Methods: The clinical data from a case of Brucella melitensis‐induced septicemia in a child treated at Baoding Hospital, Beijing Children’s Hospital, Capital Medical University, in June 2024 were retrospectively reviewed. The patient’s condition and biochemical test results were analyzed and summarized.
Results: Three weeks before the onset of illness, the patient had a history of raw beef exposure. The primary clinical manifestation was undulant fever. Hematological tests revealed elevated C‐reactive protein and erythrocyte sedimentation rate, accompanied by tenderness in the right hip joint and a positive “ 4 Sign” on the right side. The hip joint ultrasound was unremarkable. Blood culture identified Brucella melitensis after 72 hours of incubation, and serum agglutination test showed positive Brucella antibodies with a titer of 1:400. The patient was treated with ceftriaxone for antibacterial therapy, supplemented with doxycycline. Supportive therapy included bicyclol, glutathione, and L‐ornithine L‐aspartate for hepatoprotection. After 7 days of treatment, the patient’s body temperature normalized, joint pain subsided, and liver function significantly improved, with AST decreasing from 215 U/L to 47 U/L and ALT from 213 U/L to 53 U/L. The treatment lasted six weeks.

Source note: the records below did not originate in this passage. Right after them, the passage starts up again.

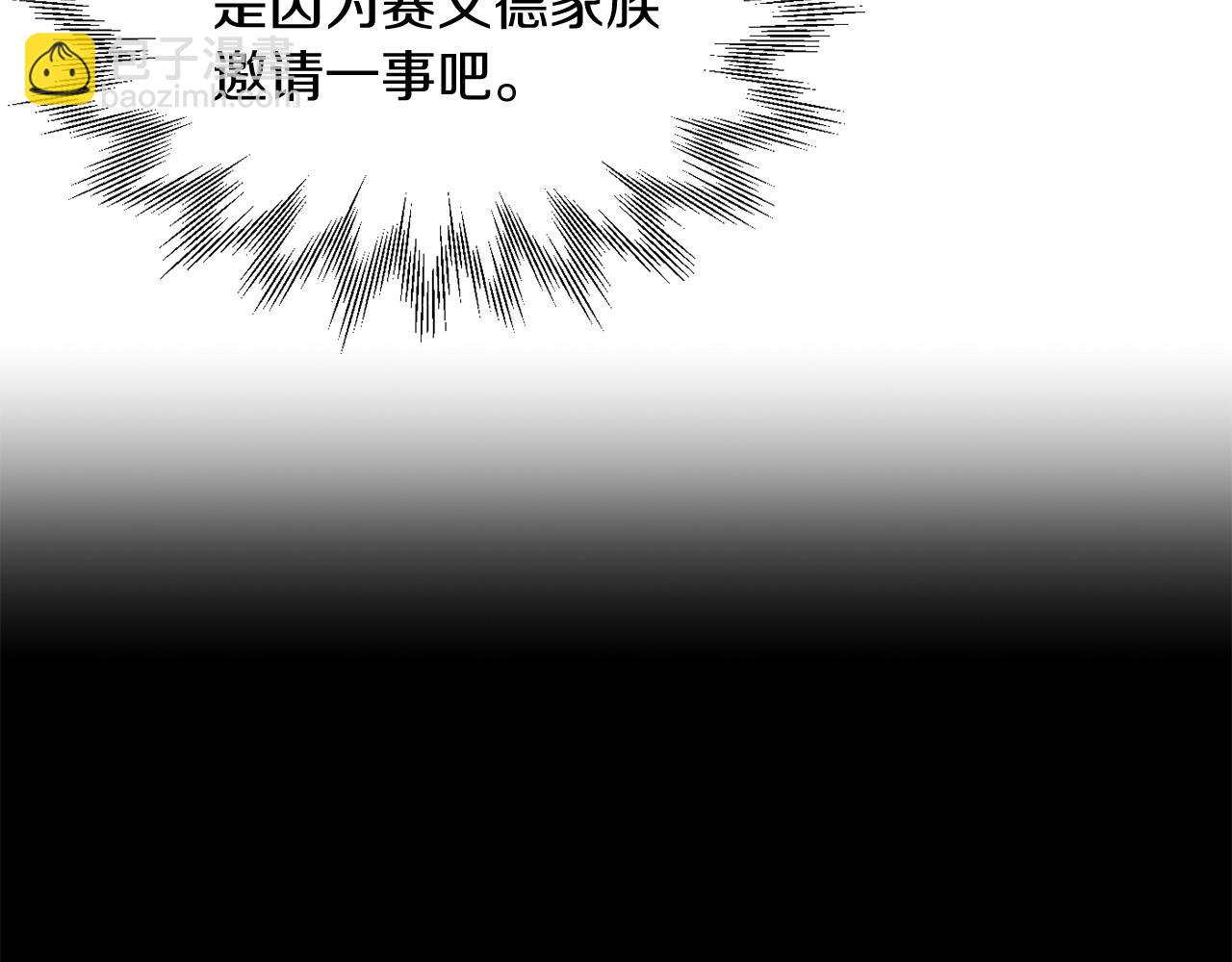 第26话 野心扩张(1/4)-第26话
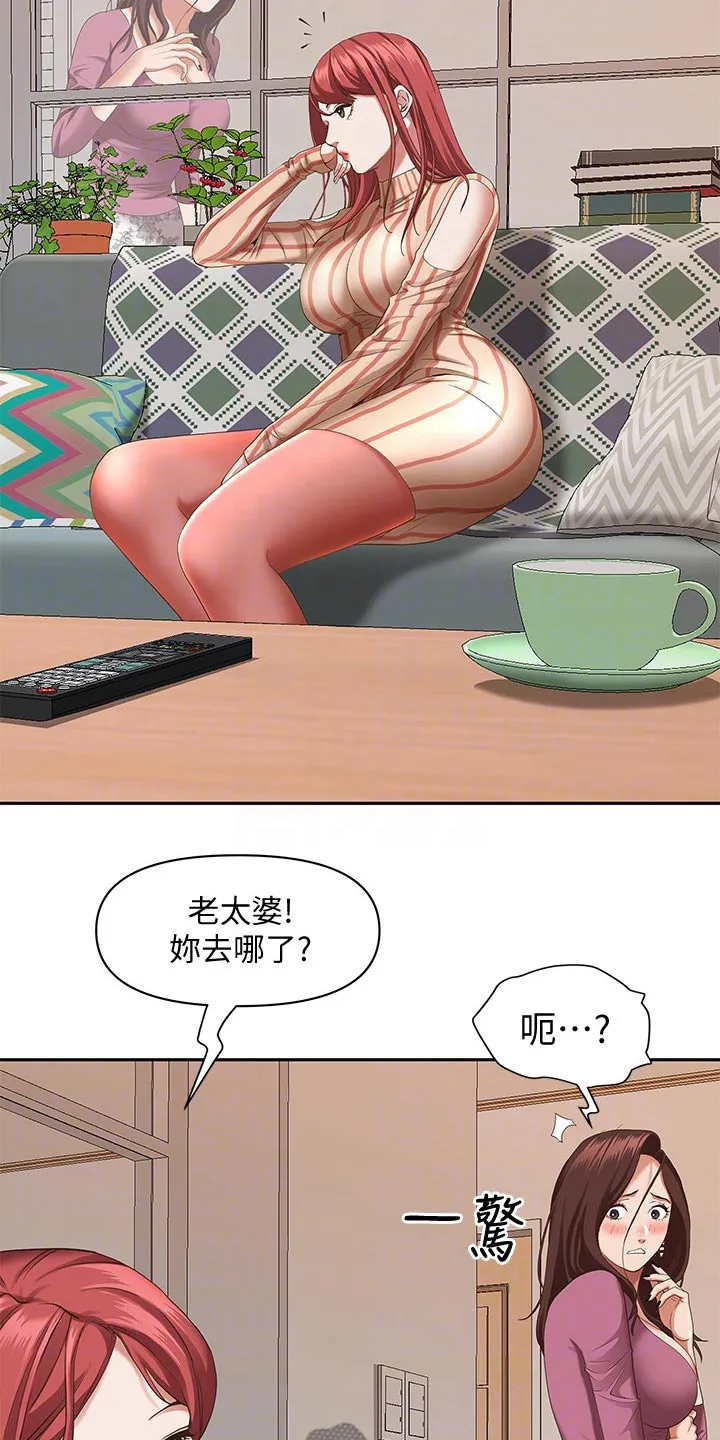 热情寄宿漫画第二季在线看全集免费漫画,第28章：发烧6图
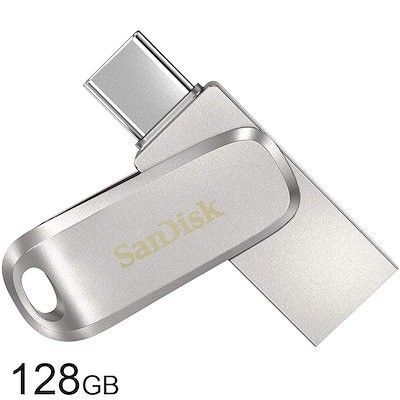 SanDisk Ultra Dual Drive Luxe 128GB USB3.2 Gen1-A/Type-C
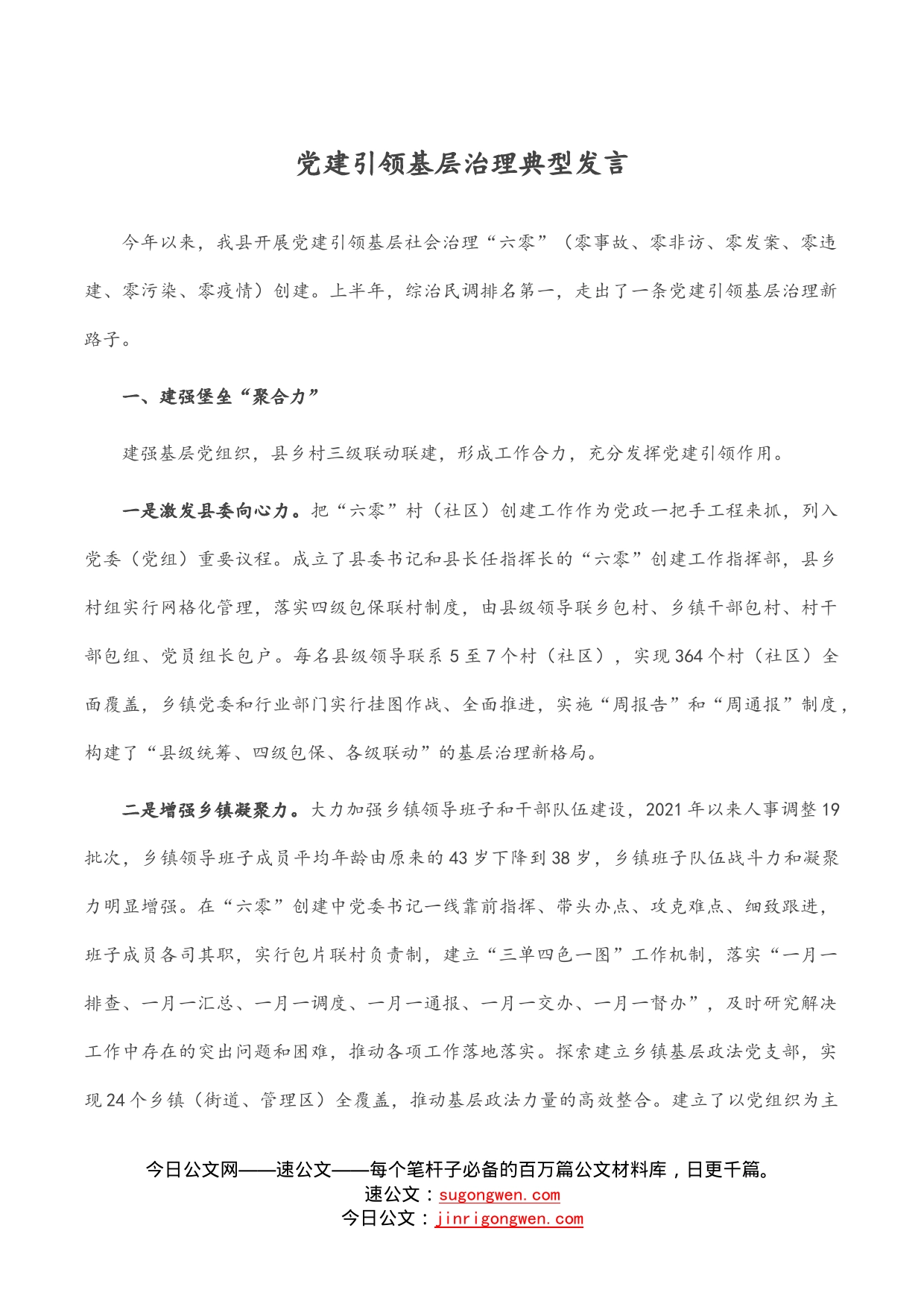 党建引领基层治理典型发言_第1页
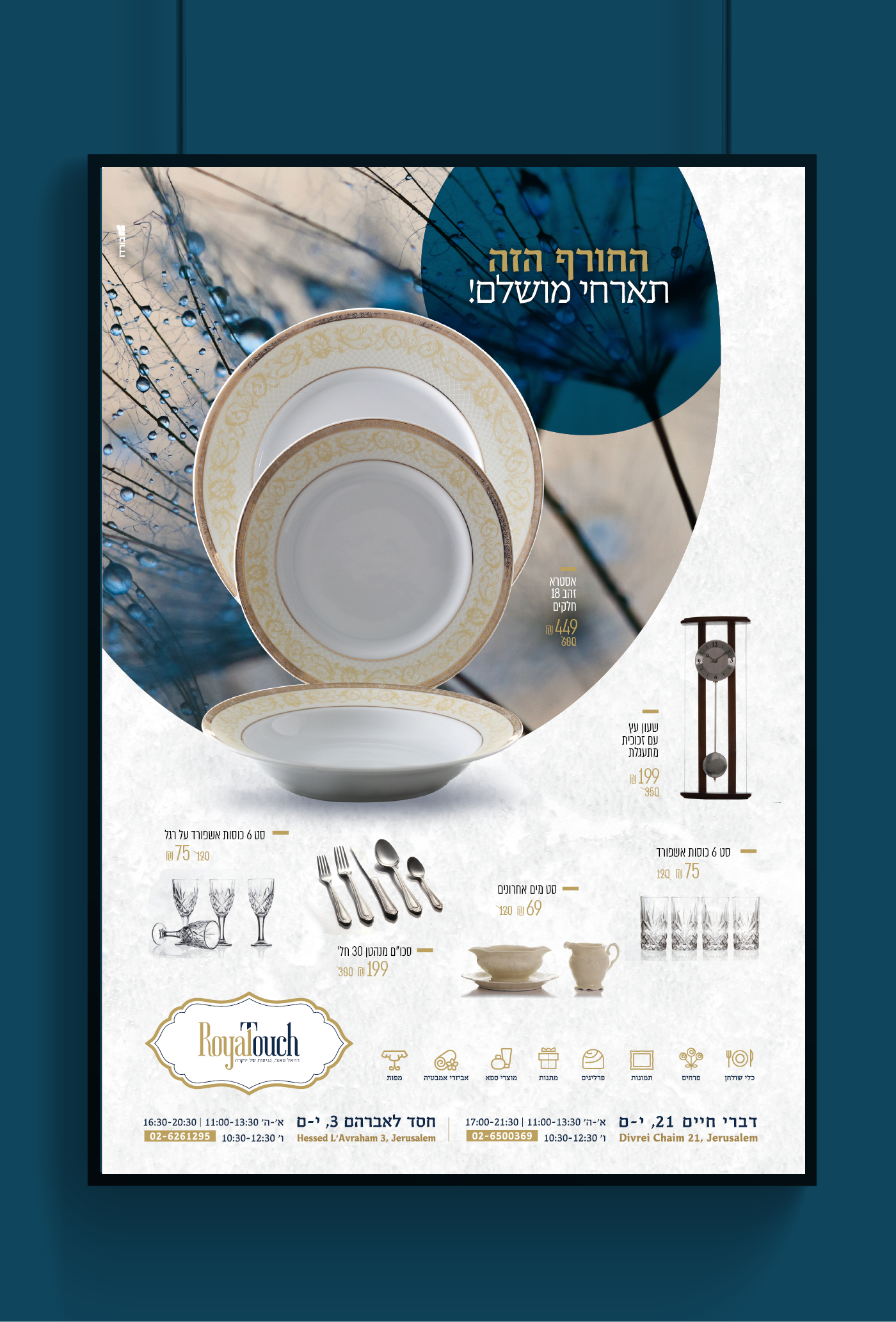 מודעות פרסום 4.jpg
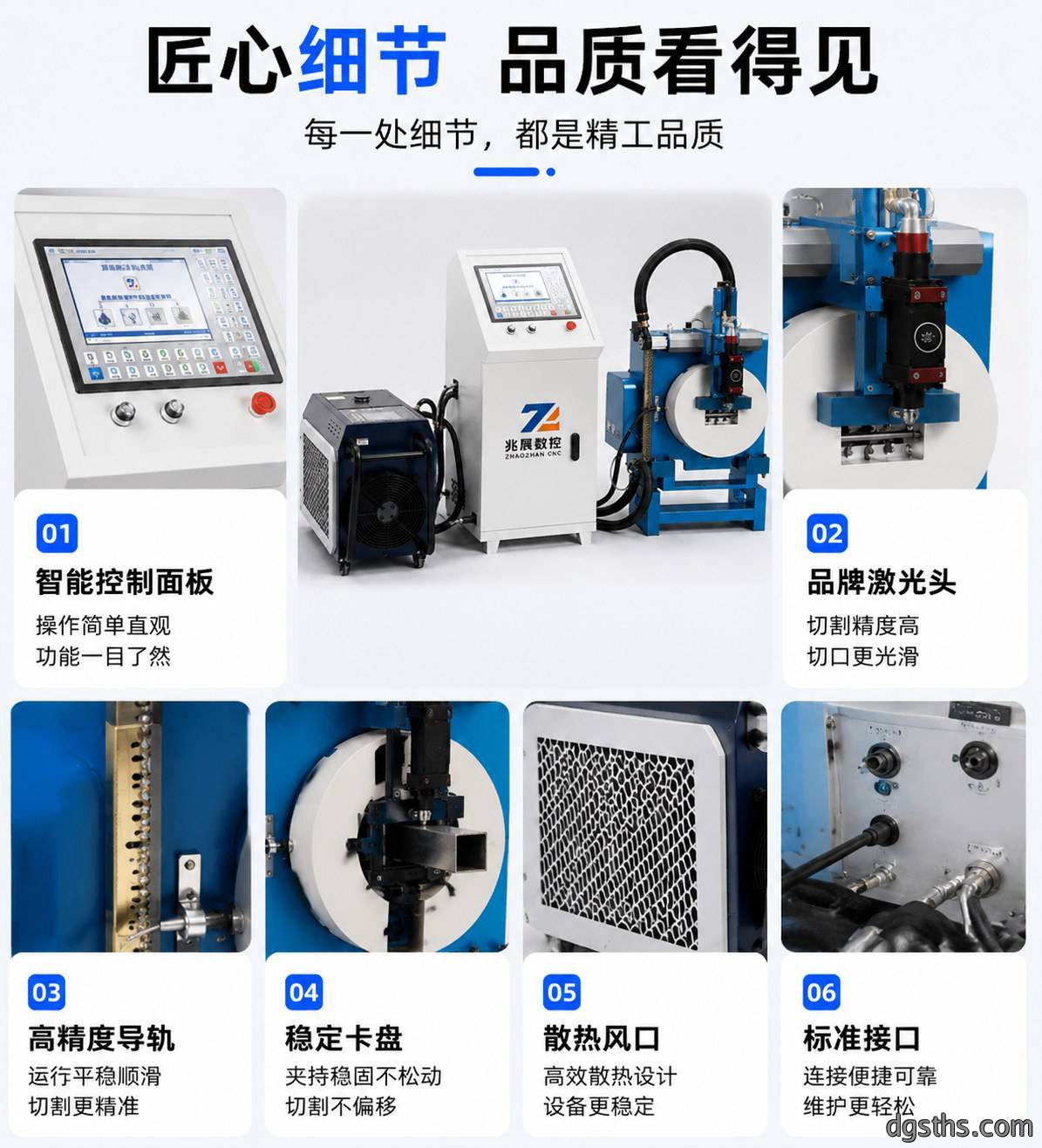 小型方圆管激光切割机_全自动光纤激光切管机_小管径管材切割设备厂家 - 苏州兆展数控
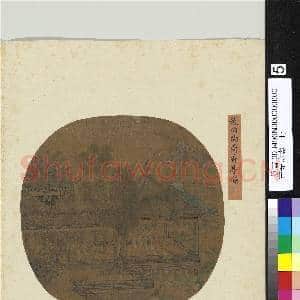 吉光珍寿.册.宋赵伯驹荷香亭榭故画|2幅|18.37 MB|高清下载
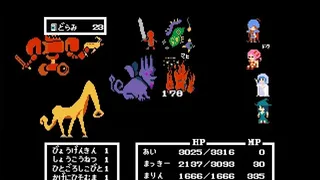 Скриншот 3 к игре Legend of Utorepia | ユトレピアの伝説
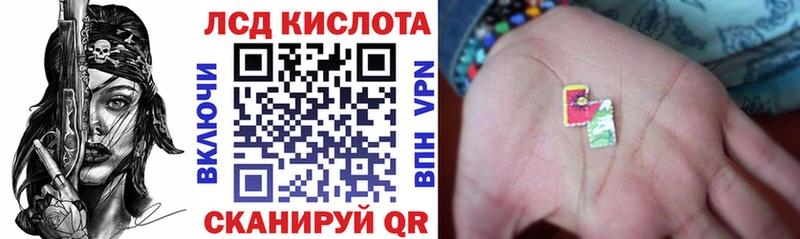 Наркотические марки 1500мкг Пыть-Ях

The patient’s condition remained stable after discharge, with follow‐up blood tests, liver function tests, and blood cultures showing no abnormalities.
Conclusion: For patients with suspected infections, it is crucial to actively identify the causative pathogen and administer appropriate antimicrobial therapy based on laboratory results. Clinicians should emphasize etiological testing, using various staining techniques to improve diagnostic accuracy when identifying bacterial colonies on culture plates.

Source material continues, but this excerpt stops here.